Figure 3 from the paper provides a series of worked examples which is probably the best way to quickly grasp the idea. In each of the diagrams that follow, swim-lanes represent threads (T1, T2, T3) and time progress downwards. The global clock and fine-grained object locks are represented in the ‘memory’ column. Full pseudo-code for the algorithm is given in section 3.5 of the paper.
Concurrent reads, no writers
In the example above, threads T1 and T2 both perform reads. They begin by copying the value of the global clock (22) to their local clocks. T1 reads O1, and T2 reads O1 and O2. None of these objects are locked, so reads proceed concurrently from memory.
Concurrent reads with uncommitted writes
T2 now wants to update objects O2 and O3. Each of these objects is logged (copied into T2’s write-log) and modified in the log. T2 locks these objects using the RLU shared locks (memory column) before logging them.
T1 tries to read O2, after T2 has locked it. T1 sees that T2 holds the lock, and compares its local clock (22) with the value of T2’s write clock (currently at &inf; since T2 has not committed its writes yet). From this comparison we see that this read has not started after a write clock increment (T1’s clock is < T2’s), and so T1 should not try to read O2 from T2’s log (‘steal’ it), but instead should read the object directly from memory.
Committing writes
T2 begins the process of committing its writes. It increments the clock value and stores this first in its write-clock, and secondly in the global clock (the order matters). T2 now has to wait for a quiescent point in order to be able to install its updates – it must wait for ‘old’ operations to finish, those with local clock values < its own. In this worked example, that means waiting for T1 to finish. T3 has also started at this point, but has a local clock value of 23 (≥ T2’s), so T2 does not need to wait for it.
When T1 completes, T2 can safely write back the objects in its log to memory and release the locks.
T3 meanwhile wants to read O2 before T2 has been able to install its updates. It compares its local clock value (23) with the write-clock value of T2 (since T2 has the lock at this point), and since its local clock is ≥ T2’s write-clock, it ‘steals’ the value from T2s write-log.
An optimisation – deferring synchronisation
RLU synchronize deferral works as follows. On commit, instead of incrementing the global clock and executing RLU synchronize, the RLU writer simply saves the current write-log and generates a new log for the next writer. In this way, RLU writers execute without blocking on RLU synchronize calls, while aggregating write-logs and locks of objects being modified. The RLU synchronize call is actually only necessary when a writer tries to lock an object that is already locked.
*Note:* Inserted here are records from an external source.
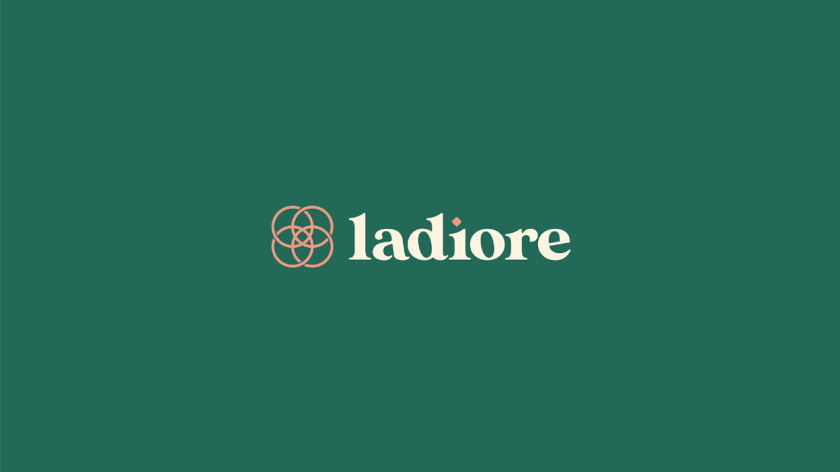 ladiore 女性時(shí)尚品牌logo設(shè)計(jì)與視覺(jué)識(shí)別vi設(shè)計(jì)，源自四個(gè)象征
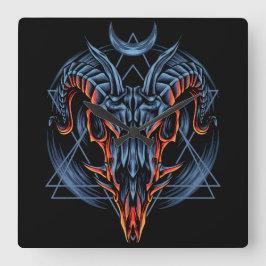 Reloj Cuadrado Goat Skull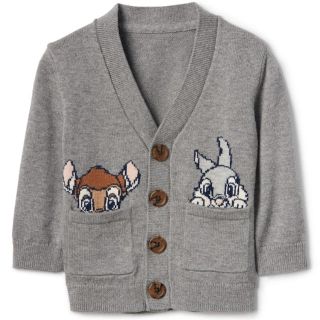 ベビーギャップ(babyGAP)のベビーギャップ ディズニー カーディガン バンビ 新品/H&M ユニクロ (カーディガン/ボレロ)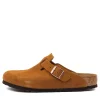 Women BIRKENSTOCK Boston Sfb Mink Suede
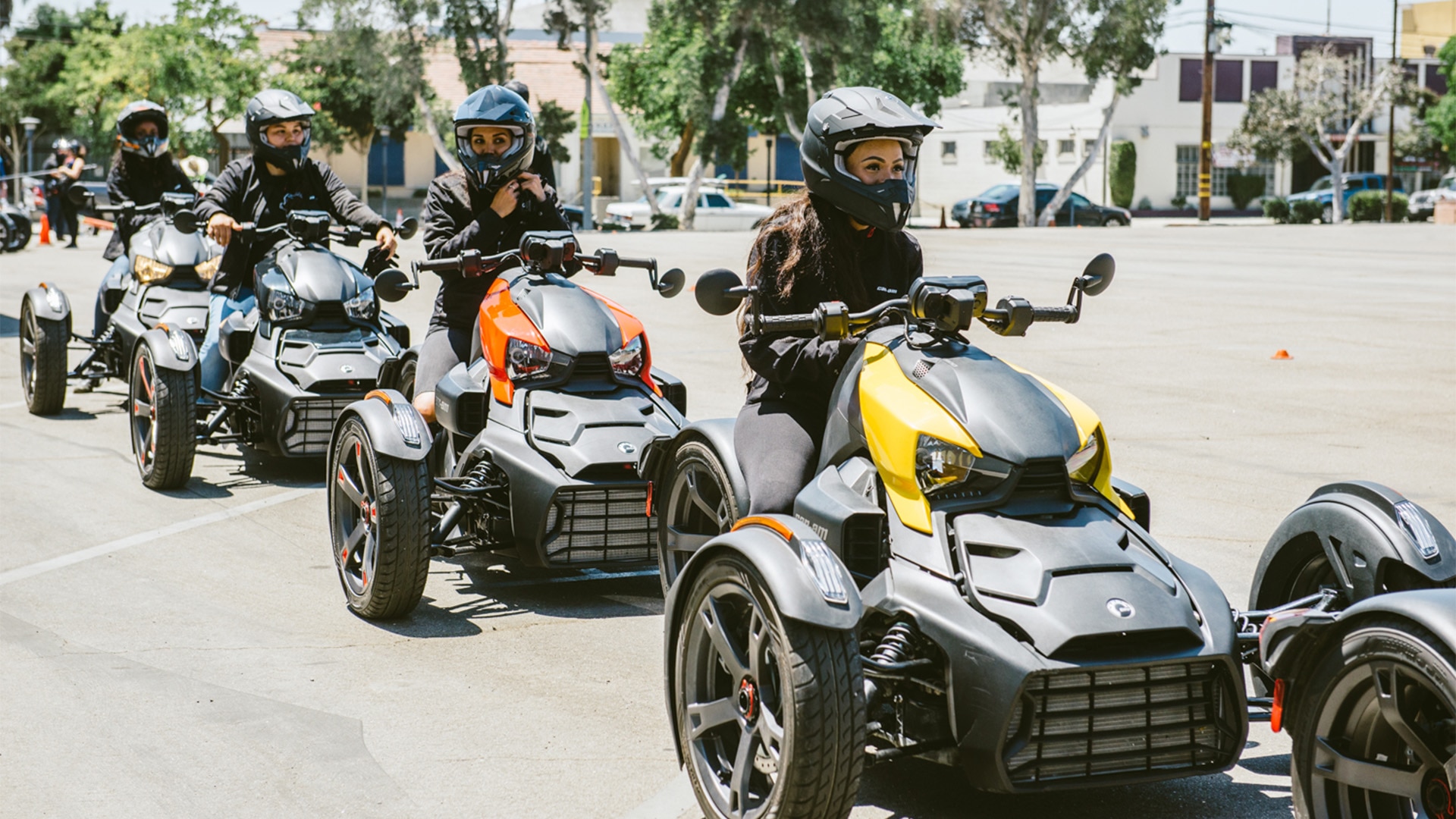 Woman riding a Can-Am Ryker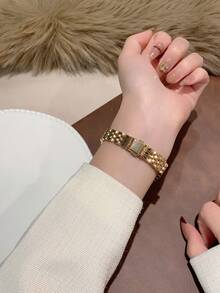 1件女士优雅百搭时尚金色石英腕表，适合日常佩戴 - 均碼 - 查看 10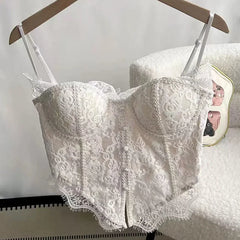 Lace Strapless Bustier Corset Top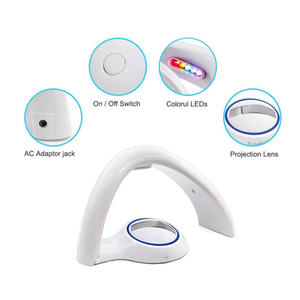 Lampe de projection <span class=keywords><strong>arc</strong></span>-<span class=keywords><strong>en</strong></span>-<span class=keywords><strong>ciel</strong></span> LED, veilleuse colorée, projecteur 3D, lampe de table pour chambre d'enfant, décoration de <span class=keywords><strong>la</strong></span> maison - Product Image 3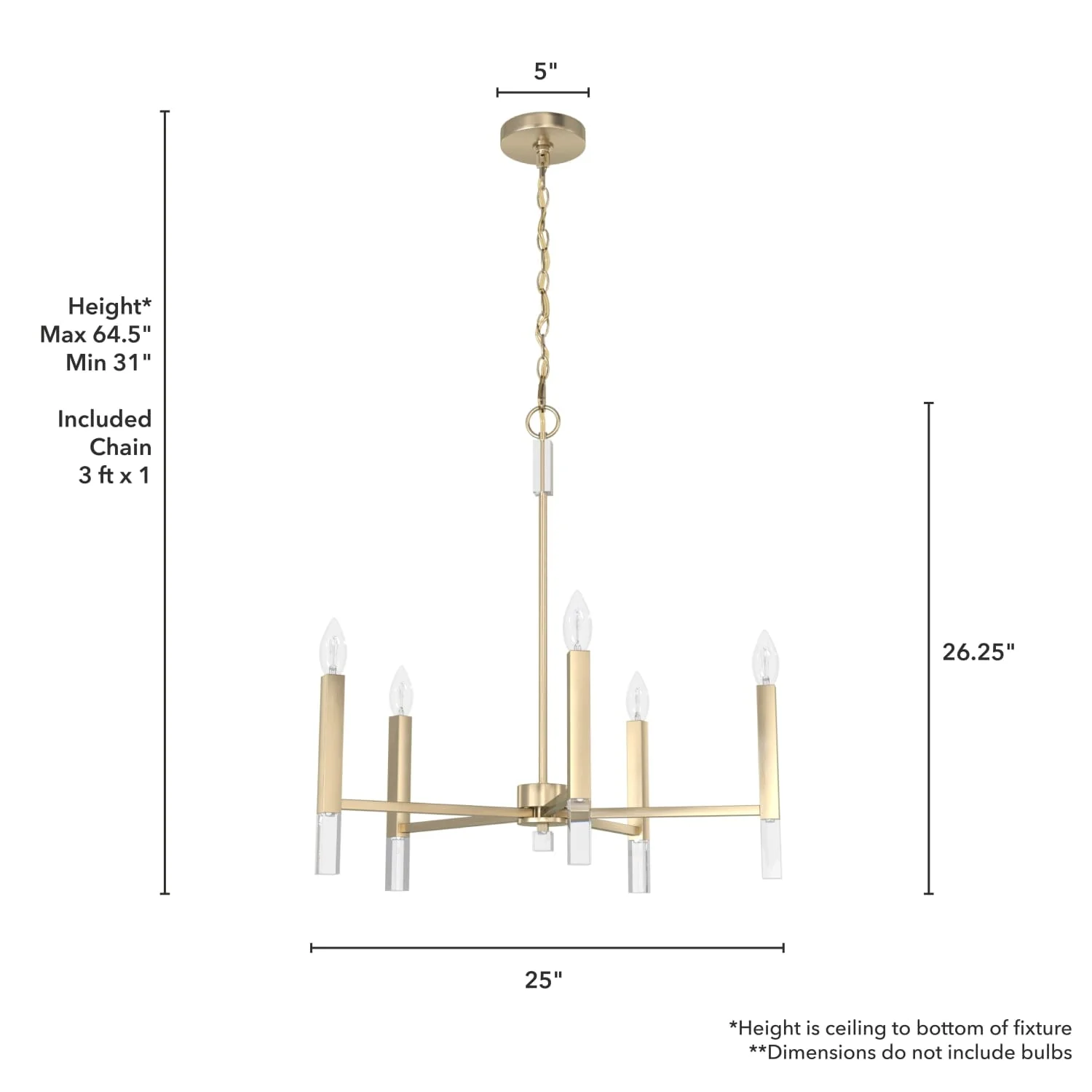 Sunjai 5 Light Chandelier 4 Sunjai 5 Light Chandelier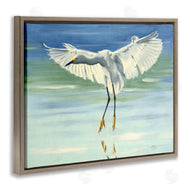 D. Rust | Snowy Egret on Beach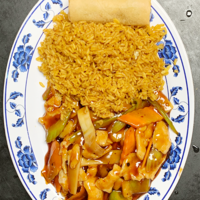 Chicken with Hot Garlic Sauce (Lunch)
Therefore, only in this case, the writer sends a “sync request” to the conflicting thread to force it to release its locks, by making the thread increment the global clock, execute RLU synchronize, write back, and unlock.
This significantly reduces the amount of RLU synchronize calls, as well as contention on the global clock. The aggregration of write-logs and deferring of the global clock update also defers the stealing process to a later time, allowing more reads from memory.